EXERCISE
Where an entry below contains an image, skip the image and reproduce the rest exactly.

PROVIDED ENTRIES
== == ==

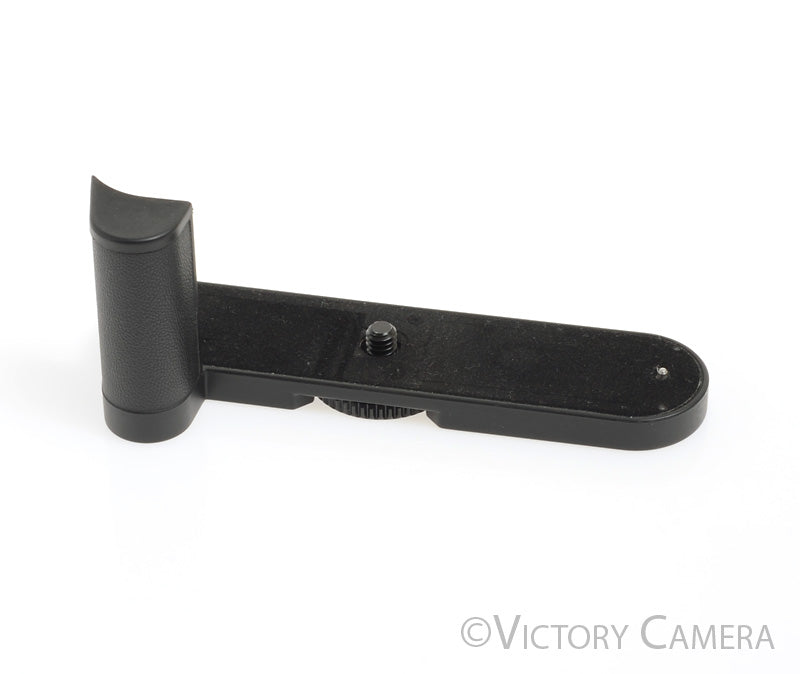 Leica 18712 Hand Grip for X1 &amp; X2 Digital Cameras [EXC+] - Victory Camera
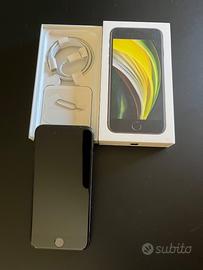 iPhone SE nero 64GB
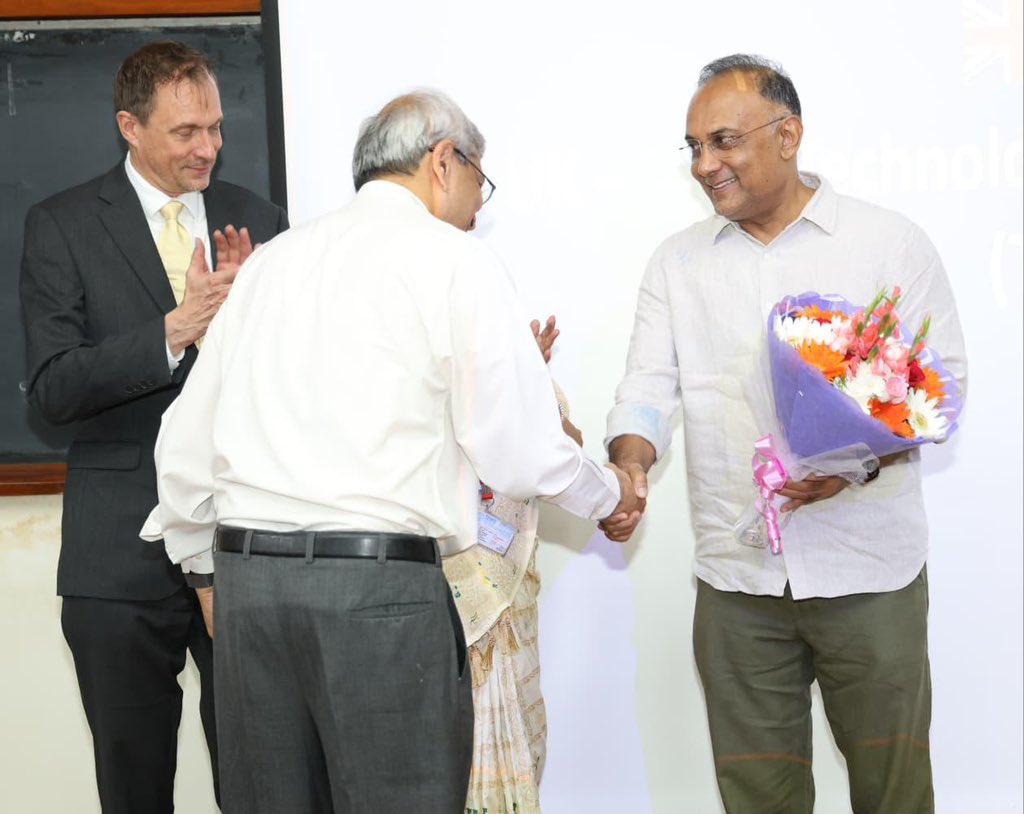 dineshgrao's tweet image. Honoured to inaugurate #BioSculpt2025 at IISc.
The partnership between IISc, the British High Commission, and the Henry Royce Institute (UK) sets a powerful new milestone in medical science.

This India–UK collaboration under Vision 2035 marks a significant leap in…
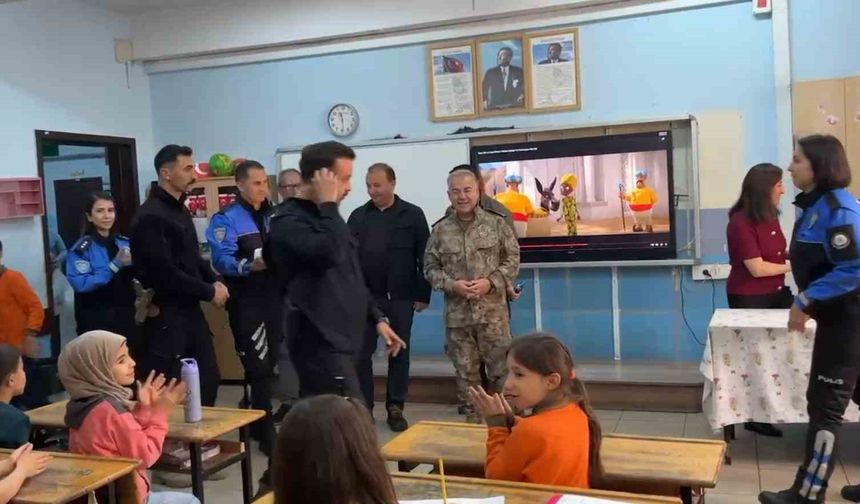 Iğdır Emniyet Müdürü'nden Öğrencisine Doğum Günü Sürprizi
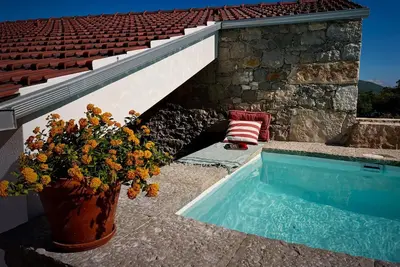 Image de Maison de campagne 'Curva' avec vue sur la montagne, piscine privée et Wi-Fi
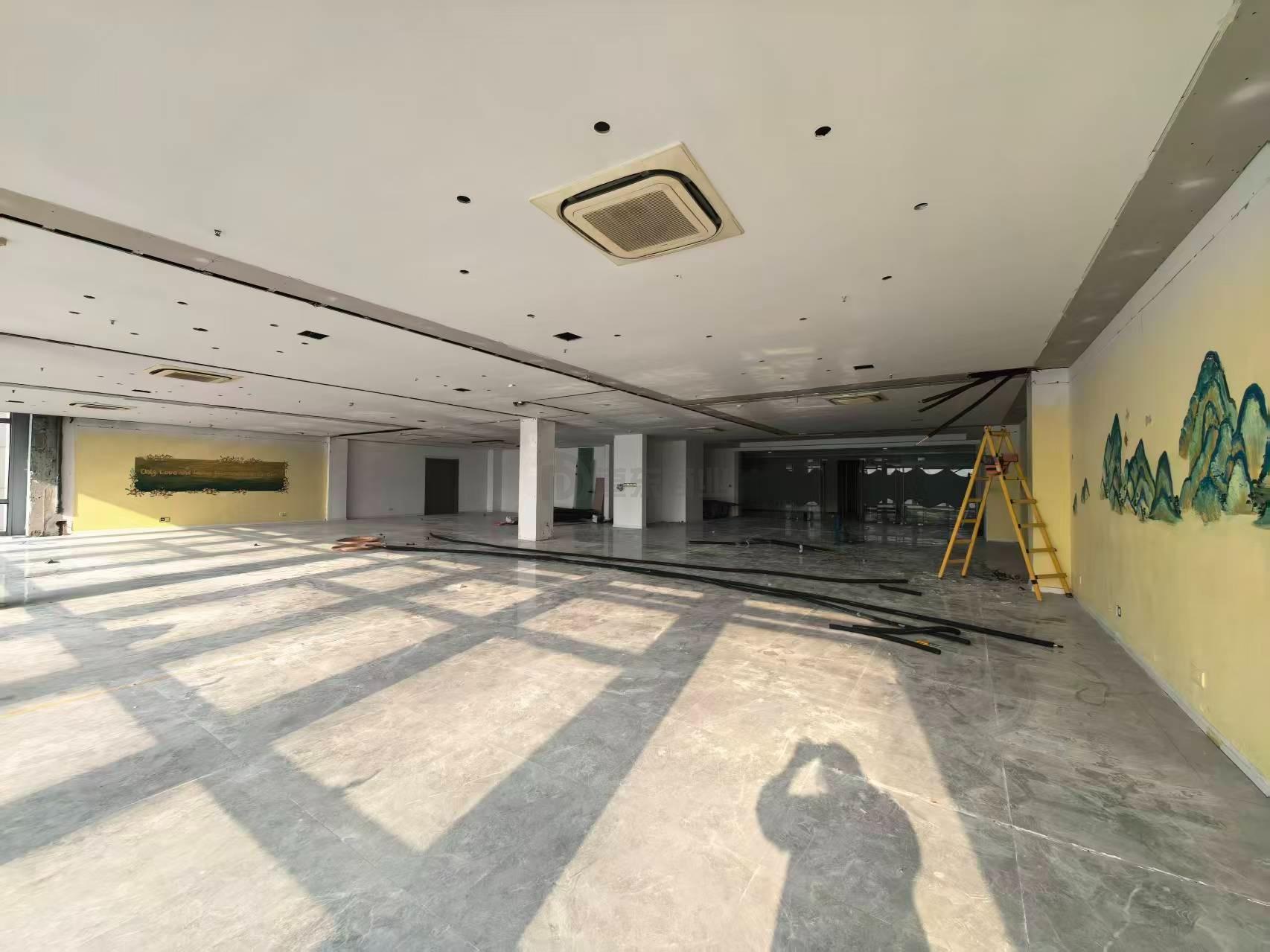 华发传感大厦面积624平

== == ==

RESULT OF THIS EXERCISE
 Leica 18712 Hand Grip for X1 &amp; X2 Digital Cameras [EXC+] - Victory Camera
 iPhone SE nero 64GB
 dineshgrao's tweet image. Honoured to inaugurate #BioSculpt2025 at IISc.
The partnership between IISc, the British High Commission, and the Henry Royce Institute (UK) sets a powerful new milestone in medical science.

This India–UK collaboration under Vision 2035 marks a significant leap in…
 Iğdır Emniyet Müdürü'nden Öğrencisine Doğum Günü Sürprizi
 Image de Maison de campagne 'Curva' avec vue sur la montagne, piscine privée et Wi-Fi
 华发传感大厦面积624平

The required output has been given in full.